EXERCISE – Your output should be exactly the lines from the one containing "Escritorio Inglés Cuero y Madera" through the final line of the following data, please, with no pictures.

SOURCE DATA –
=== Section Start ===
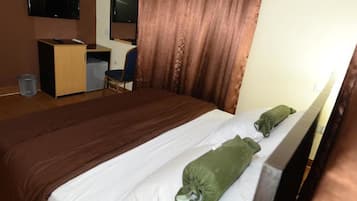 1 bedroom, desk, bed sheets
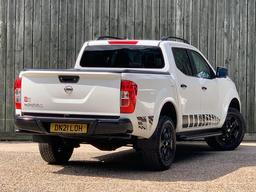 Nissan Navara 2.3 dCi N-Guard 4WD Euro 6 (s/s) 4dr at 3th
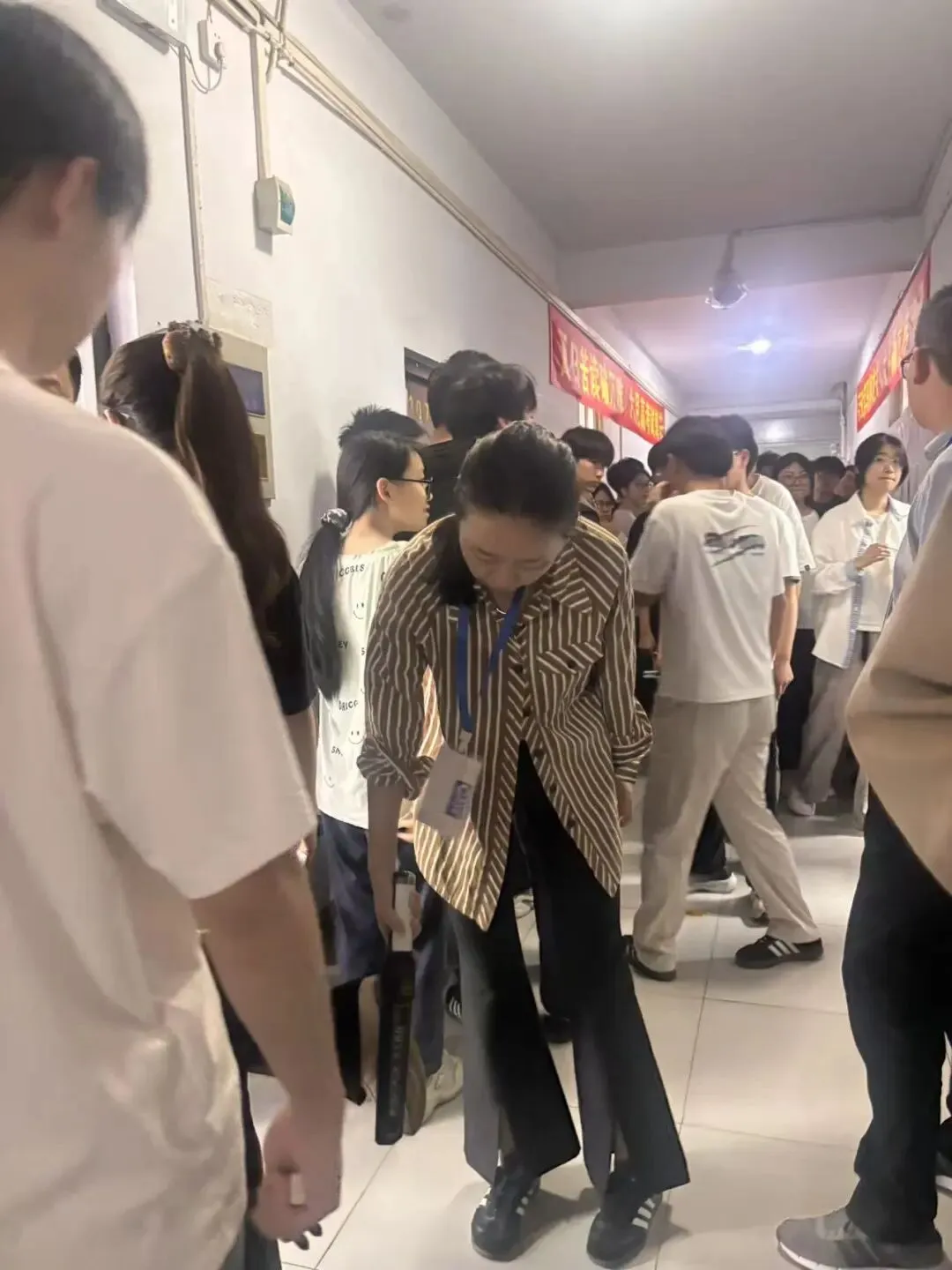 以高考的标准丈量每一场模拟,直击郑州星源外国语学校高三全现场 第9张 以高考的标准丈量每一场模拟,直击郑州星源外国语学校高三全现场 第9张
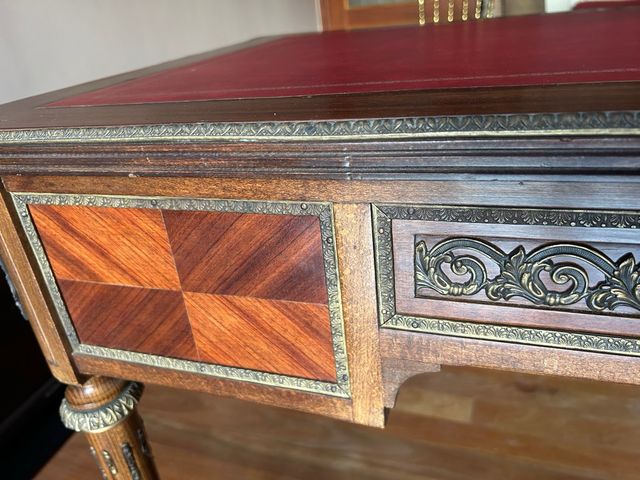 Escritorio Inglés Cuero y Madera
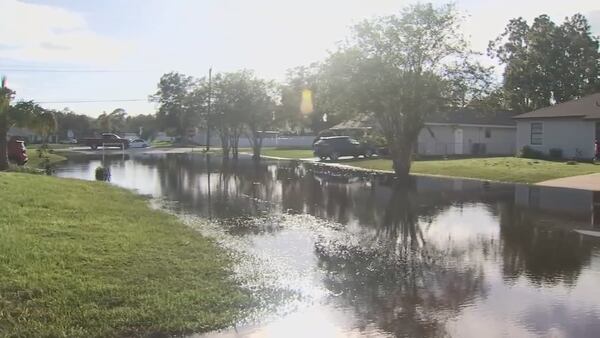 VIDEO: ‘Absolutely disgusting’: Deltona residents puzzled by standing water outside flood zones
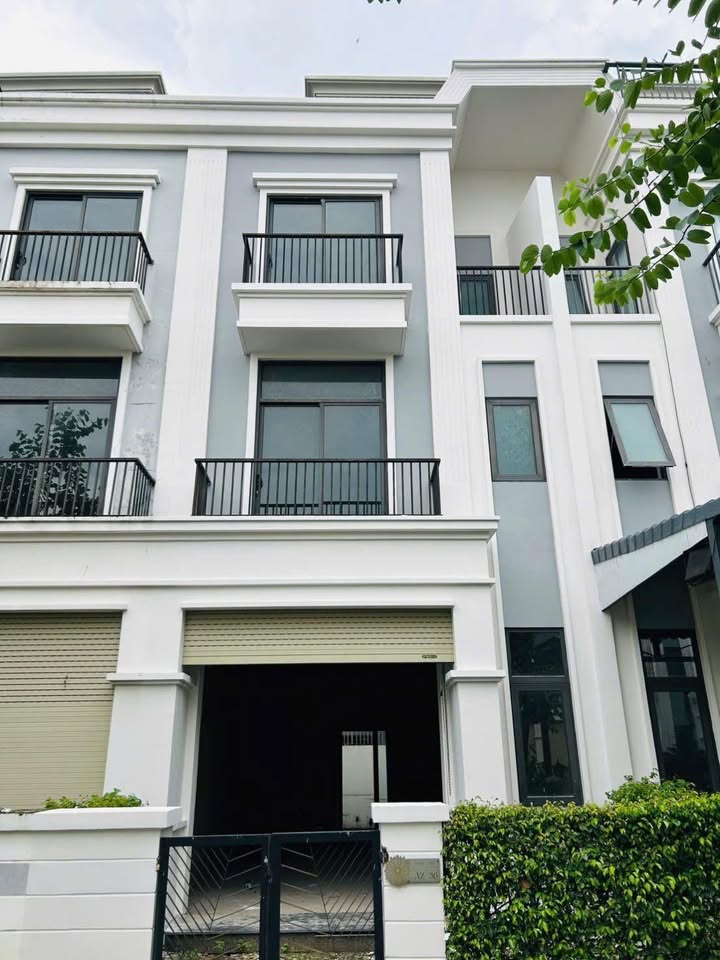 Nhà phố Villa Solar City Bến Lức 75m² giá 1.15 tỷ - Sống xanh, đầu tư bền vững!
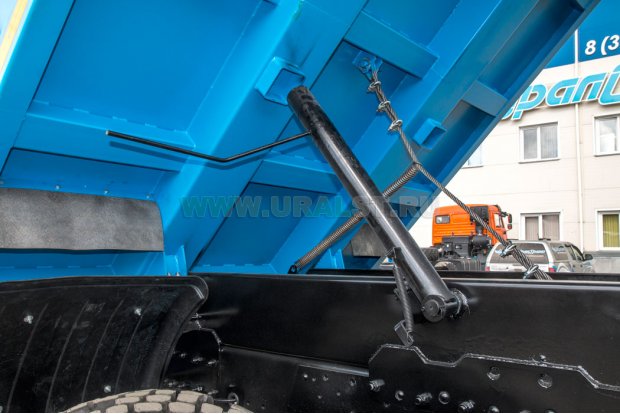 Упор самосвальной платформы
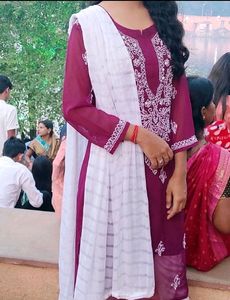 Kurti With Inner And Lenskart Glass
=== Section End ===
WRITTEN ANSWER –
 Escritorio Inglés Cuero y Madera
 VIDEO: ‘Absolutely disgusting’: Deltona residents puzzled by standing water outside flood zones
 Nhà phố Villa Solar City Bến Lức 75m² giá 1.15 tỷ - Sống xanh, đầu tư bền vững!
 Упор самосвальной платформы
 Kurti With Inner And Lenskart Glass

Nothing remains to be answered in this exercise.